**Your task:** Below are some records: retype them all exactly, but not the pictures.

**Crawled caption data:**
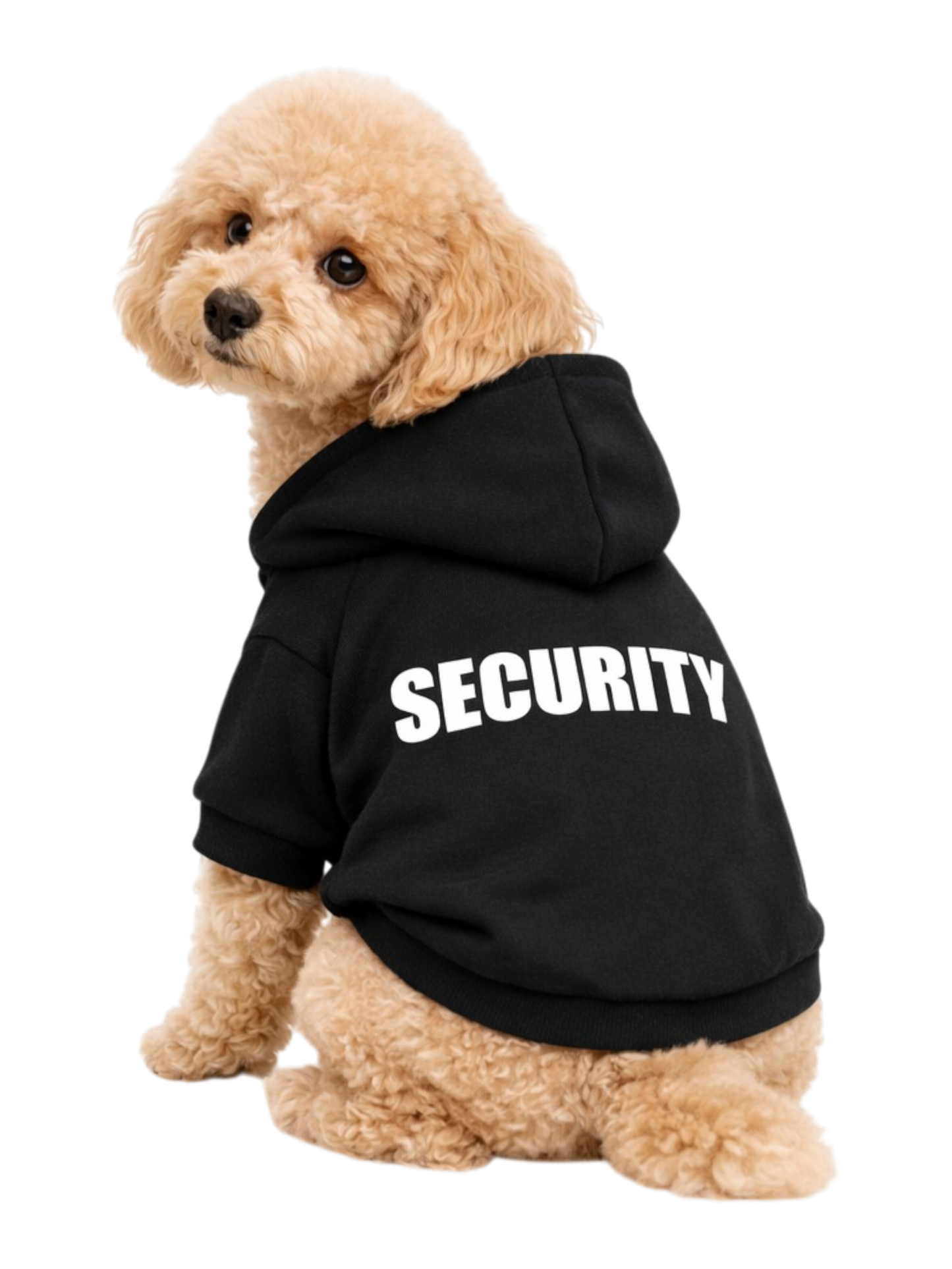 Mini Guard Hoodie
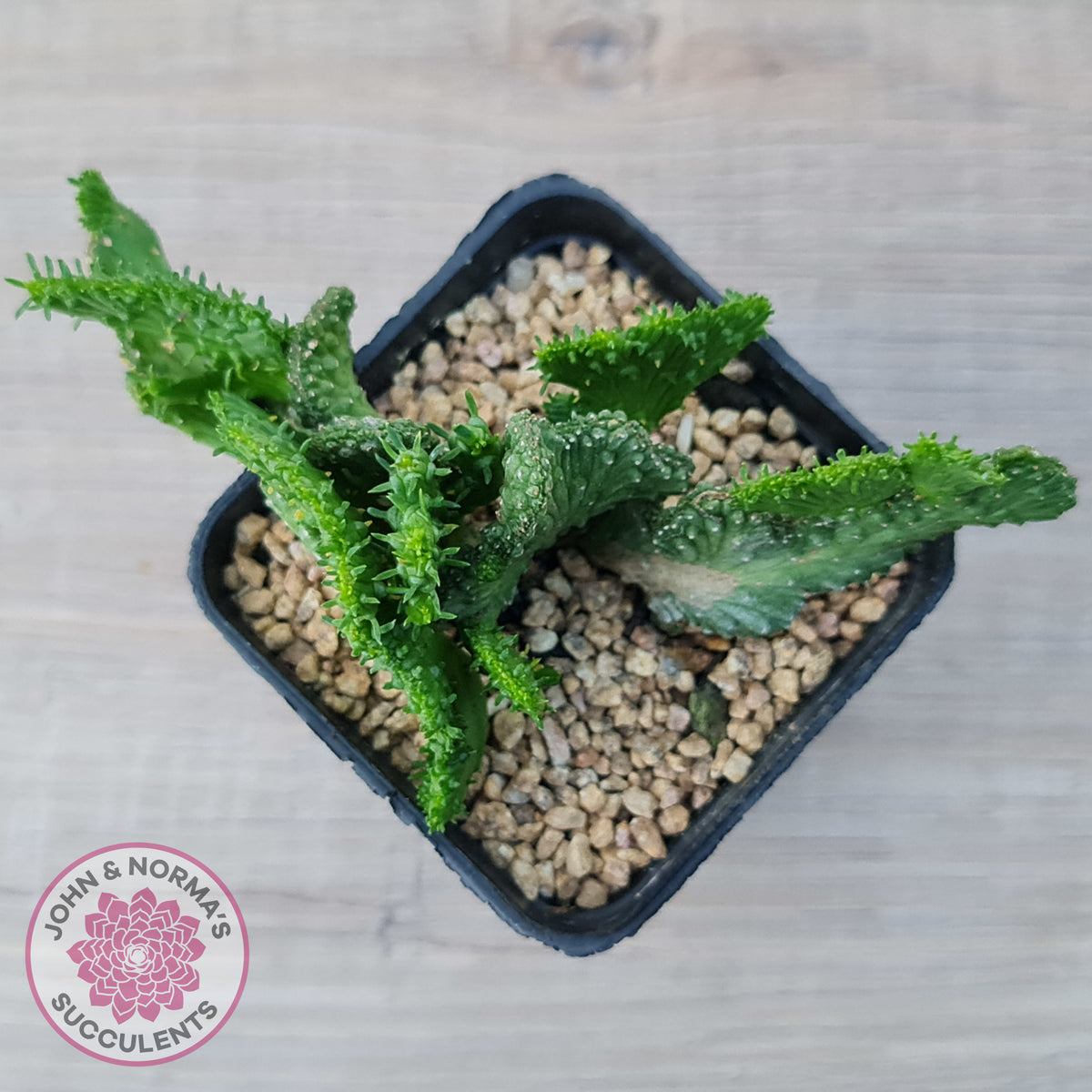 Euphorbia Flanaganii Crest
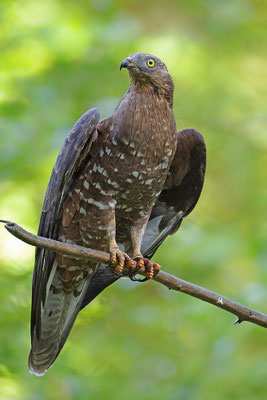 Wespenbussard, Nationalpark Bayrischer Wald Tierfreigelände Neuschönau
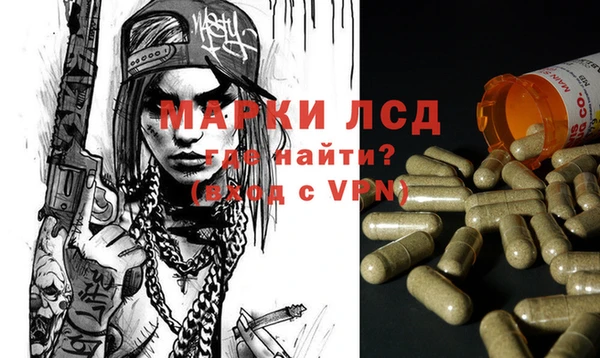 сатива Каменск-Шахтинский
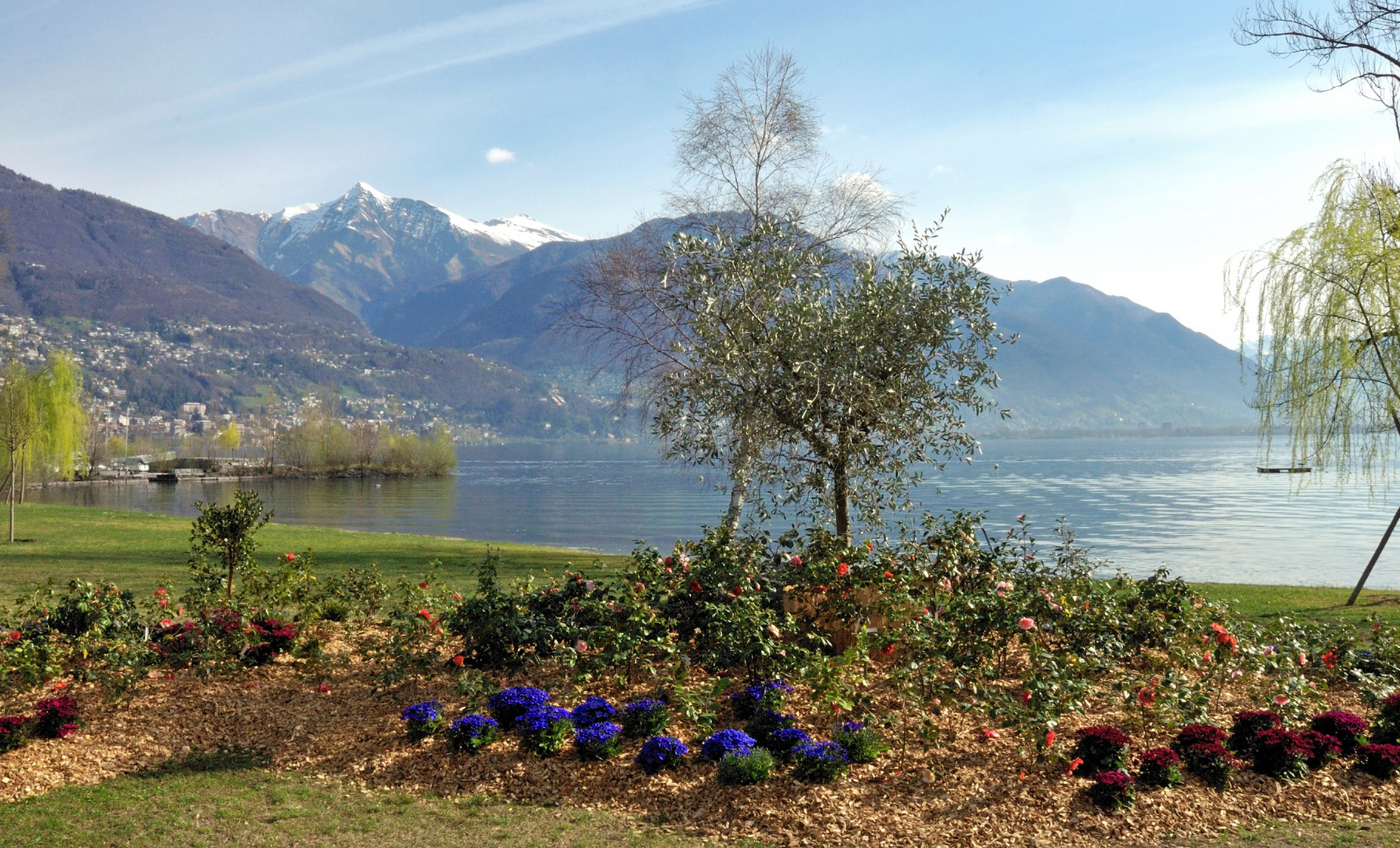 Kamelienpark Locarno am Lago Maggiore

**Result:**
 Mini Guard Hoodie
 Euphorbia Flanaganii Crest
 Wespenbussard, Nationalpark Bayrischer Wald Tierfreigelände Neuschönau
 сатива Каменск-Шахтинский
 Kamelienpark Locarno am Lago Maggiore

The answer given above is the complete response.